As a copy editor, I find myself torn on Wikipedia. I emphasize again and again that it cannot be trusted, going back to when I found the old New York Herald Tribune described on Wikipedia as a "Canadian farm implement." And yet if you are trying to determine the name of the father of Ima Hogg, there is no quicker way when you are sitting at your computer. Wikipedia can't be trusted, but you have to use it if only to find out what not to trust it on.
In the March 20 issue of the New York Review of Books, the author Nicholson Baker reviewed "Wikipedia: The Missing Manual" by John Broughton. It's a wonderfully written piece, with phrases such as:
"It asked for help, and when it did, it used a particularly affecting word: 'stub.' At the bottom of a short article about something, it would say, 'This article about X is a stub. You can help Wikipedia by expanding it.' And you'd think: That poor sad stub: I will help. Not right now, because I'm writing a book, but someday, yes, I will try to help."

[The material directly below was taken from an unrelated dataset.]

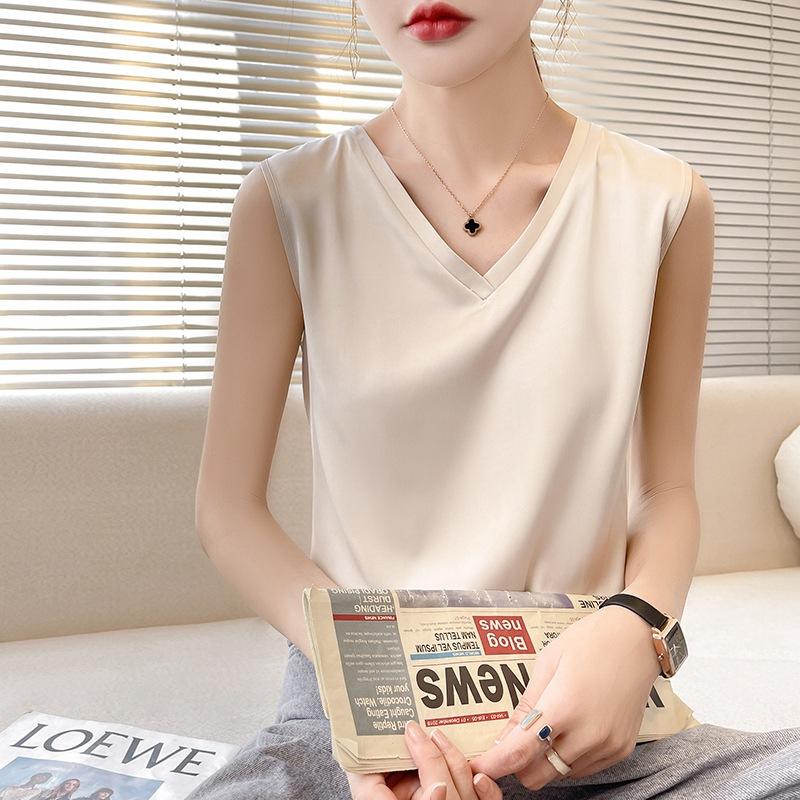 

VEZFAA Женская мода Повседневный однотонный принт Лето Весна Без рукавов V-образный вырез Блузки и рубашки XL шампанского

(Segue: In this article he also states, in the most lucid manner I have seen, the essential pull of the Web, and why it interferes with what we used to call the newspaper "habit": "All big Internet successes—e-mail, AOL chat, Facebook, Gawker, Second Life, YouTube, Daily Kos, World of Warcraft—have a more or less addictive component—they hook you because they are solitary ways to be social: you keep checking in, peeking in, as you would to some noisy party going on downstairs in a house while you're trying to sleep." -- It's not that anything is really happening, you know, but it might. Sort of what a blog author hopes for.)
In any event, the point of the book, and the article, is how to be a better Wikipedian -- how to make sure your entry, your contributions, make it through what is seen as an increasingly hard filter. This is also, therefore, how to game Wikipedia, but whatever. It's a fascinating article and for copy editors, who often see little alternative on deadline to a quick Wiki check, almost like a look inside how the New York Times Best-Sellers List really is crafted.
But after reading the article I was left with this feeling: The best way to use Wikipedia is to already know the answer, or most of it. If you are reading something about Indianapolis and it says it was founded in the early 19th century, and you go to Wikipedia and find that its site was selected in 1820 and the capital was moved from Corydon in 1825, well, you still don't know the right answer -- which is was that it was founded in 1821. But if you think you knew it was founded in 1821, and you just wanted to double-check, you can say, OK, it was founded in the 1820s, I'm probably right. If you didn't think you knew it was founded in 1821 you might say from Wikipedia that it was founded in 1820, which is close, but, also, wrong. (I don't have some weird thing about city foundings; my family has lived in Indianapolis since the 1830s, so we almost have an institutional memory of the surveyor putting down stakes.)
If you know where you're going, Wikipedia can help you get there even by putting up something you know is wrong. Beyond that, you're on faith, and Wikipedia should not be your god.